I had brought only the first edition (1830–33) of Lyell’s Principles with me to Naples. In this original text, Lyell attributed (tentatively, to be sure) all changes in level to just two discrete and rapid events. He correlated the initial subsidence (to a level where marine clams could bore into the marble pillars) to “earthquakes which preceded the eruption of the Solfatara” (a volcanic field on the outskirts of Pozzuoli) in 1198. “The pumice and other matters ejected from that volcano might have fallen in heavy showers into the sea, and would thus immediately have covered up the lower part of the columns.” Lyell then ascribed the subsequent rise of the pillars to a general swelling and uplift of land that culminated in the formation of Monte Nuovo, a volcanic mound on the outskirts of Pozzuoli, in 1538.

  But at the site, I observed, with some surprise, that the evidence for changing levels of land seemed more extended and complex. I noticed the high zone of clam borings on the three columns, but evidence—not mentioned by Lyell—for another discrete episode of marine incursion struck me as even more obvious and prominent, and I wondered why I had never read anything about this event. Not only on the three major columns, but on every part of the complex (see the accompanying figure)—the minor columns at the corners of the quadrangular market area, the series of still smaller columns surrounding a circular area in the middle of the market, and even the brick walls and sides of structures surrounding the quadrangle—I noted a zone, extending two to three feet up from the marble floor of the complex and terminated by a sharp line of demarcation. Within this zone, barnacles and oyster shells remain cemented to the bricks and columns—so the distinct line on top must represent a previous high-water mark. Thus, the still higher zone of clam borings does not mark the only episode of marine incursion. This lower, but more prominent, zone of shells must signify a later depression of land. But when?

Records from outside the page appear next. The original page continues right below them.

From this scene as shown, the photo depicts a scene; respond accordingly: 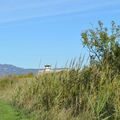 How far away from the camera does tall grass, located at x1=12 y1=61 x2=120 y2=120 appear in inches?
593

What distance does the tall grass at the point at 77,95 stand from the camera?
15.1 metres

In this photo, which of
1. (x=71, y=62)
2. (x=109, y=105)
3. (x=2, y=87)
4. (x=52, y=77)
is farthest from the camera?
(x=2, y=87)

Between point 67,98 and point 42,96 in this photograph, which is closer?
point 67,98

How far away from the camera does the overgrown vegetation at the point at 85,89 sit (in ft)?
49.6

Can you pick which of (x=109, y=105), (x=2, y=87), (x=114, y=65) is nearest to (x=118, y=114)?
(x=109, y=105)

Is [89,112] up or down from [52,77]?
down

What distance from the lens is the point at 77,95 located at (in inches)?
682

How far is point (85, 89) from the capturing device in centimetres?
1695

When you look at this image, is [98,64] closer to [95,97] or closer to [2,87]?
[95,97]

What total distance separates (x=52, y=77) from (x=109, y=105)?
5362 millimetres

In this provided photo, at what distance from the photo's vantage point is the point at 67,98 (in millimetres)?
17859

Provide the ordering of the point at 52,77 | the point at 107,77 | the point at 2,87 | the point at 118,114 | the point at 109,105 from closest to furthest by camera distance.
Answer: the point at 118,114 < the point at 109,105 < the point at 107,77 < the point at 52,77 < the point at 2,87

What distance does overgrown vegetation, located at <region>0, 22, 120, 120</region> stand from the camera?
1512cm

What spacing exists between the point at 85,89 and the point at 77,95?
507 mm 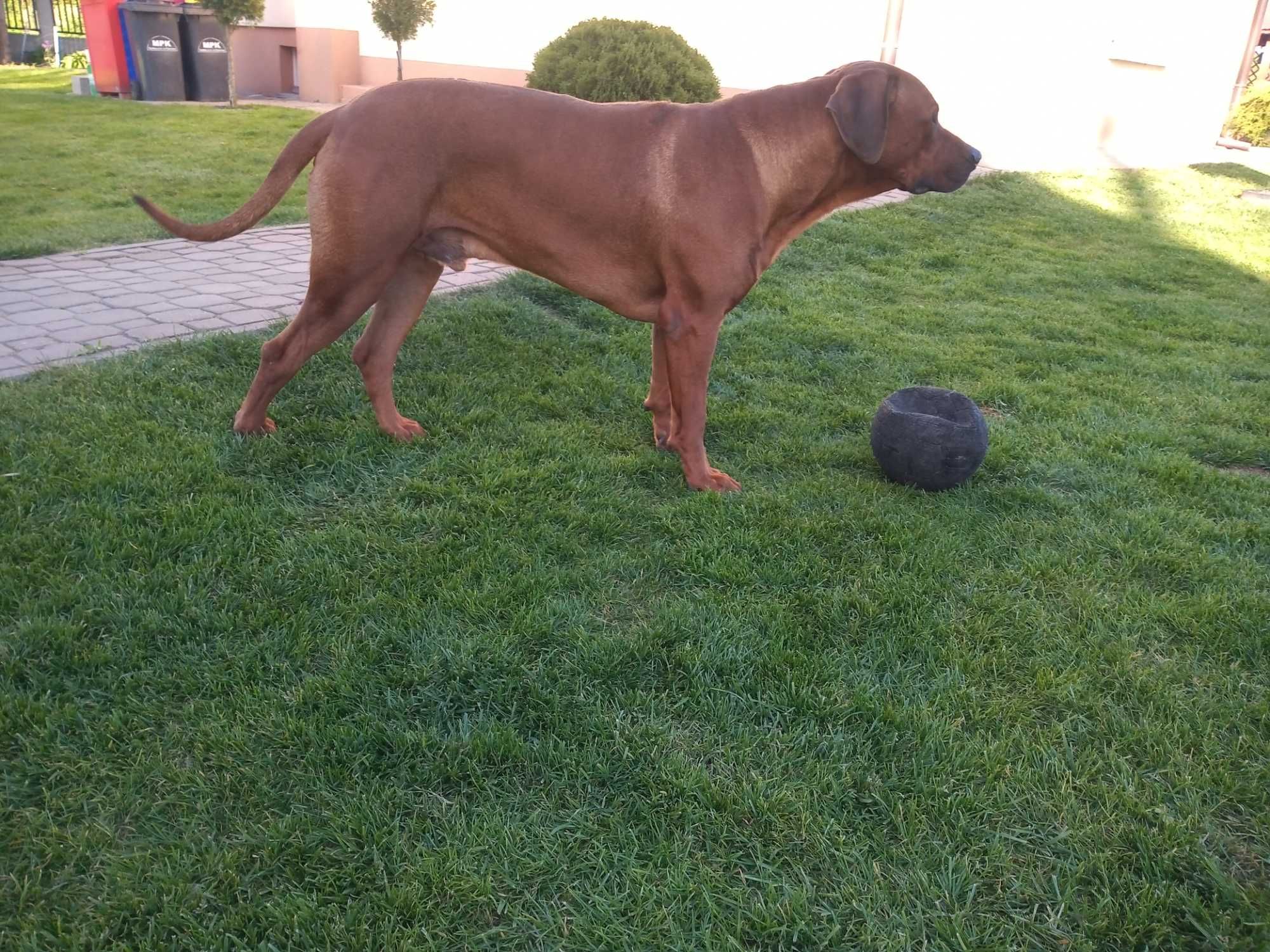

  Lyell’s original frontispiece (redrafted from an Italian publication of 1820), which includes the bases of the large columns, depicts no evidence for this zone. Did he just fail to see the barnacles and oysters, or did this period of marine flooding occur after 1830? I scoured some antiquarian bookstores in Naples and found several early-nineteenth-century prints of the columns (from travel books about landscapes and antiquities, not from scientific publications). None showed the lower zone of barnacles and oysters. But I did learn something interesting from these prints. None depicted the minor columns now standing both in the circular area at the center, and around the edge of the quadrangle—although these locations appear as flat areas strewn with bric-a-brac in some prints. But a later print of 1848 shows columns in the central circular area. I must therefore assume that the excavators of Pozzuoli reerected the smaller columns of the quadrangle and central circle sometime near the middle of the nineteenth century—while we know that Lyell’s three major columns stood upright from their first discovery in 1749. (A fourth major column still lies in several pieces on the marble floor of the complex.)

  All these facts point to a coherent conclusion. The minor columns of the central circle and quadrangle include the lower zone of barnacles and oysters. These small columns were not reerected before the mid-nineteenth century. Lyell’s frontispiece, and other prints from the early nineteenth century, show the three large columns without encrusting barnacles and oysters at the base. Therefore, this later subsidence of land (or rise of sea to a few feet above modern levels) must have culminated sometime after the 1840s—thus adding further evidence for Lyell’s claim of substantial and complex movements of the earth within the geological eye-blink of historic times.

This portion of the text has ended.